The machinists and maintenance workers, who were still on strike last week, ratified a compromise contract last Wednesday. The 350 dining hall workers, librarians, and animal lab technicians ratified new contracts earlier in the strike, and returned to work two weeks ago.
Charles King, president of the maintenance workers' union, said yesterday his union is not satisfied with the new contract. But, he said, "We couldn't stay out alone."
Students at Penn were generally apathetic to the strikers' demands for wage increases, paying little attention to picket lines and support rallies throughout the strike.
Eighty-six windows and glass doors were smashed during the strike, allegedly by two union members. Several shots were fired one night two weeks ago into the office of George Budd, Penn's director of labor relations, and the faculty club was flooded that weekend.
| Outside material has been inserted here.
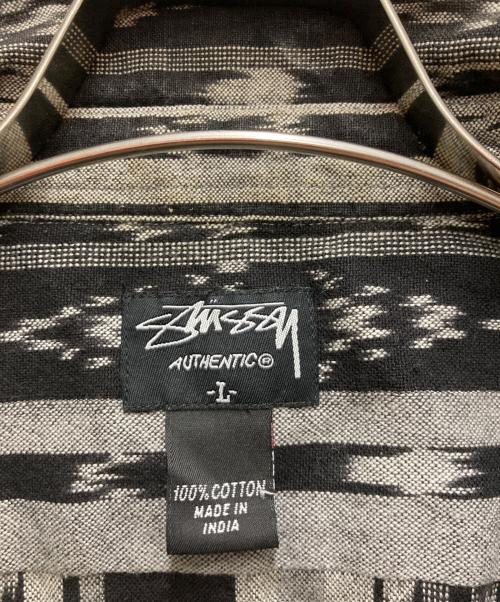 stussy（ステューシー）stussy (ステューシー) 00'sネイティブ柄半袖シャツ ブラック サイズ:Lの古着・服飾アイテム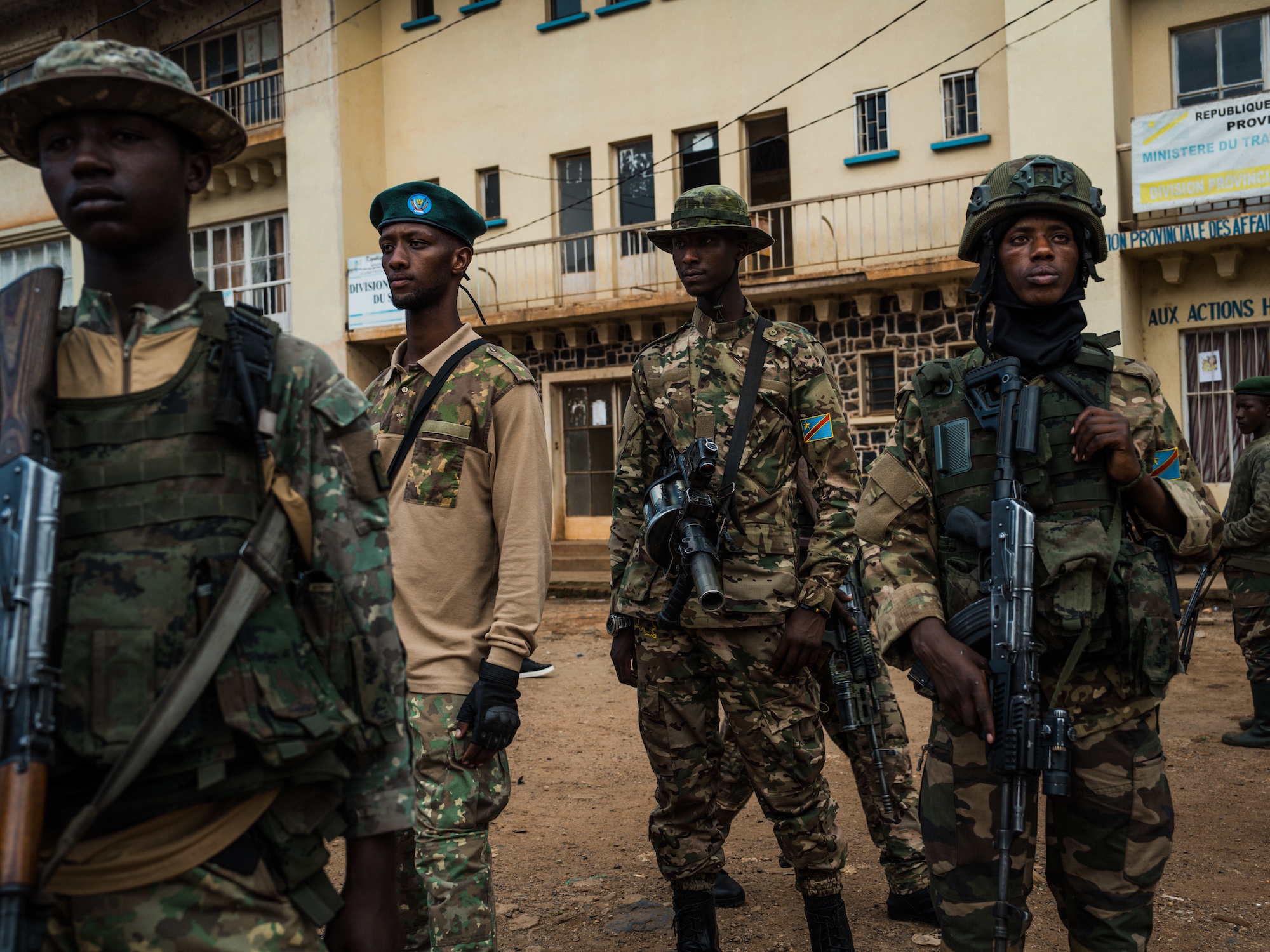 Unidentified militia linked to the conflict on the Rwandan border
Spokesmen for the Penn security force have said it believes these incidents were all strike-related.
Budd yesterday called the compromise contract--reached after a nine-hour meeting with a federal mediator--"the best solution for a bad situation."
The new contract gives members of the machinists' and maintenance workers' unions a 6 per cent raise January 1, another 6 per cent raise July 1, and a 2 per cent raise on January 1, 1977. The contract terminates August 1, 1977.
The machinists' union originally demanded an immediate 12 per cent wage increase, and the maintenance workers' union asked for an 18 per cent increase over the next fiscal year.
"We knew we would never get it," King said.
The three campus unions that returned to work earlier accepted contracts that give their members 6 per cent raises on the next two anniversaries of the signing of the contract, which means they do not get the last 2 per cent raise accorded the maintenance workers and machinists. Their contracts end a month earlier than do those of the two unions that returned to work yesterday.
Budd said Penn wants to ensure equal contracts for all its workers, and has offered the other unions the option of accepting the same contracts as the machinists and maintenance workers.
The leaders of the machinists' union were not available for comment yesterday. A spokesman for the union, who declined to give her name, said yesterday, "They're taking a little vacation.